Kubernetes CPU Requests, Limits, and Throttling
Impacts on Application Performance, some Best Practices
CPU Throttled
CPU Throttling (Kubernetes Workloads): A process where Kubernetes and Container Runtimes restricts a container’s CPU usage to stay within its assigned limits, often causing tasks to wait for the next scheduler quota period when they exceed their allowed CPU time.
CPU Throttling (Linux Kernel): A mechanism in the CFS Bandwidth Control where the kernel prevents a cgroup from exceeding its allocated CPU quota, forcing tasks to stop running until the next quota period.
CPU Requests are implemented via assigning priorities to containers’ processes, i.e., assigning CPU weight and/or “nice” value to cgroups (files “cpu.weight” or “cpu.weight.nice”) Doc: https://docs.kernel.org/admin-guide/cgroup-v2.html#cgroup-v2-cpu Known in community terms also as “Soft Limit”.
CPU Limits are implemented via “CFS Bandwidth Control” (CFS BWC) and cgroups “cpu.max” interface file. CFS BWC Doc: https://docs.kernel.org/scheduler/sched-bwc.html Known in community terms also as “Hard Limit”.
CPU Usage vs CPU Throttling
A random but real example: Grafana CPU Usage vs Throttling reports for a K8s container.
How to explain low CPU Usage, even much below request, but high CPU Throttling? … and this is commonly faced case.

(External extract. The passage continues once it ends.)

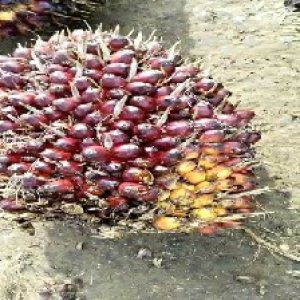 underripe_train (126).jpg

What does those Throttling mean? How is Throttling measured?
CPU Management in Kubernetes:
Limits, Requests, Throttling
Requests: Guarantee resources for workloads. In K8s, they affect how Pods are scheduled on nodes. Play role as CPU tasks “weight” (priority) during CPU contention on host machine.
Limits: Cap CPU usage to avoid over-consumption.
K8s CPU and MEM Resources packed onto Node
- CPU Throttling: The process of limiting CPU usage when tasks or containers exceed their allocated quota (limit), forcing them to pause and wait until the next scheduling period.
Key Terms and Concepts
CPU: A unit of processing power, which can represent a physical CPU, a CPU core, or a Logical CPU (e.g., a physical core with Hyper-Threading enabled is considered as 2 logical CPUs). In Kubernetes, it’s often referred to as a vCPU, equivalent to a share of processing power.
vCPU (virtual CPU) in cloud and/or virtualized environments – out of scope of this DOC but, in short: is a unit of CPU capacity assigned to a container or pod in Kubernetes. It abstracts the underlying physical hardware, allowing Kubernetes to allocate and manage processing resources in a platform-agnostic way. In most environments, 1 vCPU corresponds to 1 physical CPU or 1 logical CPU (e.g., 1 thread on a hyper-threaded core). On physical hardware, a single physical CPU core with Hyper-Threading enabled may back 2 vCPUs. In virtualized environments (e.g., VMs or cloud instances), multiple vCPUs can be over-committed and mapped to the same physical CPU core. For instance: N:1 mapping: 4 vCPUs could share 1 physical core, with each vCPU getting a fraction of the core’s processing power (e.g., 25% if evenly divided).
CPU Time: The total cumulative time a task or group of tasks spends executing on one or more CPUs. This includes time spent running tasks in parallel (on multiple CPUs) or concurrently (on the same CPU) over a defined period.
CPU Usage: Represents the percentage of CPU capacity consumed by a task or group of tasks over a monitored interval of wall-clock time. It’s a rate (e.g., “50% of one CPU” or “2 CPUs used at 80% i.e. 160%”), typically measured in real-time or averaged over intervals.
CPU Usage and CPU Time are related, they are not identical.
“wall-clock” refers to real-world time as you would measure on a regular clock or stopwatch. It tracks the total elapsed time from start to finish, including everything (e.g., waiting, idle, and active time), not just CPU processing time.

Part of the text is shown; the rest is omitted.